### INPUT DATA:
-=-=-

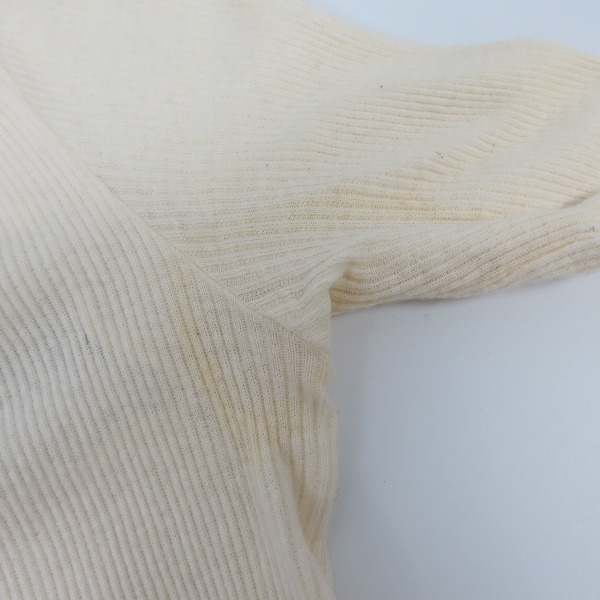 実際に弊社で買取させて頂いたLGB/ルグランブルー 長袖カットソー BACK CROSS FEATHER/Oの画像 6枚目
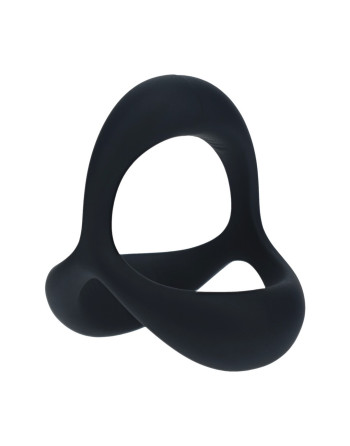 ANILLO PARA EL PENE DE SILICONA TRI O ERGO NEGRO LEVELZ 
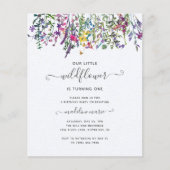 BUDGET Kleine Wildblume Geburtstagsparty (Vorderseite)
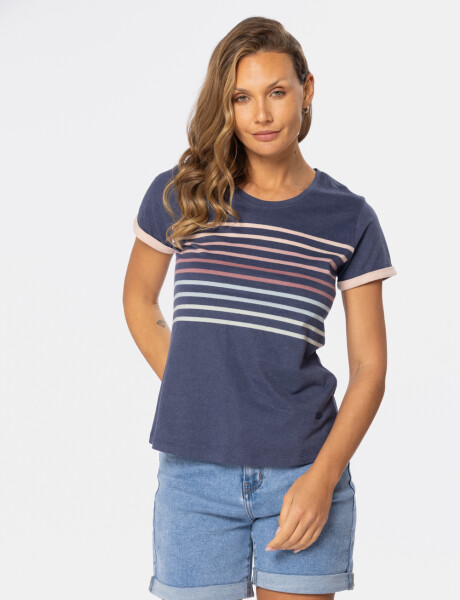 REMERA RAYADA Azul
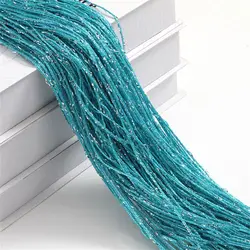 Beaded String Curtain Panels for Doorway or Room Divider - Elegant Fly Screen Net (Lake blue)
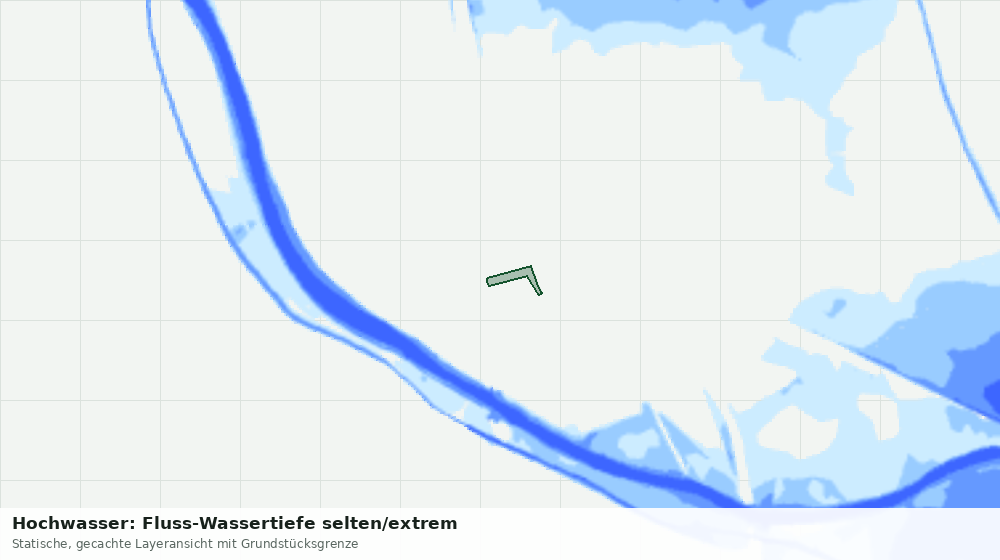 Statische Kartenansicht: Hochwasser: Fluss-Wassertiefe selten/extrem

-=-=-

### WHAT NEEDS TO BE DONE:
"BUDGET Kleine Wildblume" marks the first line to be returned; return exactly that line and every line after it through the last line of the listing, omitting pictures.

### EXERCISE RESPONSE:
 BUDGET Kleine Wildblume Geburtstagsparty (Vorderseite)
 REMERA RAYADA Azul
 Beaded String Curtain Panels for Doorway or Room Divider - Elegant Fly Screen Net (Lake blue)
 Statische Kartenansicht: Hochwasser: Fluss-Wassertiefe selten/extrem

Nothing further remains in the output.